As a relative newbie to the game and with a young family of her own, Carr was able to look at the system with fresh eyes and was able to experience what it was like to enter a club as a new member.
“We really looked at how we can make women feel welcome in a new club environment, and this includes their culture. What’s the first thing a new person would see when they come into the club? Do they push membership? Do they push competition golf? What social opportunities exist?”
“Through research what we found there’s lots of women out there that don’t want to play competition golf and some clubs don’t offer anything else.

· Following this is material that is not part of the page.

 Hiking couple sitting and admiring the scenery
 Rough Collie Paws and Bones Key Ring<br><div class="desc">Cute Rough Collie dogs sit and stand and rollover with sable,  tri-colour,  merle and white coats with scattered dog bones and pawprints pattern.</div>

So we began to think more laterally, how else could we get women involved?”
One of the innovations Carr has encouraged clubs to investigate is opportunities for shorter social games as well as programs that focus more on fitness and fun rather than the state of your scorecard.
One example of this is Golf Australia’s SwingFit program, which is aimed at active-minded women that are interested in the health benefits golf can provide.
“It can be a lot of fun – and it’s very social.”
“You can wear lycra to the golf club, there is a bit of pilates and yoga involved, with a bit of golf that only goes for an hour and a half.”
“We position it as more of a recreational activity than a structured sport.”
But Carr isn’t willing to stop there when it comes to thinking outside the box.
“SwingFit can be done indoors, do we take the program to the community rather than expecting the community to come to the golf club? Do we link up with a local gym and introduce ladies to golf that way? These are the things we really want to test.”
Though Carr admits that trying to change the ideas and perceptions of how a club should be run isn’t always an easy task, especially when talking about smaller volunteer run clubs.
“To be honest there is a little resistance sometimes, and you hear things like ’we’ve tried that before and it hasn’t worked’.”
“But the way I approach it is to find a key driver within a club and knows that this change needs to happen and knows we need to offer something a little bit different.Getting them on board and getting them to buy in to what we’re trying to do is crucial.”
One of the most significant developments in the strive for a level playing field is the recent amalgamation of the male and female districts in the North-Eastern region.
“It’s been fantastic because they’re both able to share resources and support each other.”
“Even recently the male president of the district attended and supported the women’s championships – whereas in the past that was really unheard of.”
Elsewhere in the Goulburn-Murray district, the women’s winter pennant is being run on a Sunday where previously it was only run during the week, with the move to the weekend giving working and studying women and girls the chance to compete.
Other examples of success in the region include the Euroa Golf Club’s ‘Giggle n Golf’ program which featured modified rules and club member coaching, as well as Trentham Golf Club’s beginner ladies’ clinics which saw 26 new women introduced to the club.
With females currently representing only 20% of the participation figures of the sport nationally, it’s hoped that these initiatives will open up new opportunities for women and girls to get involved in the sport.
“We’ve already come a long way in a very short time… It’s exciting to think where we can take it.”
In golf terms, finding your way out of a deep bunker requires careful planning and precise execution. In sport business it’s much the same. Carr and the many champions across the state are working hard to bring about bring equal representation in Victorian golf in the hope that one day men’s and women’s golf will be on par.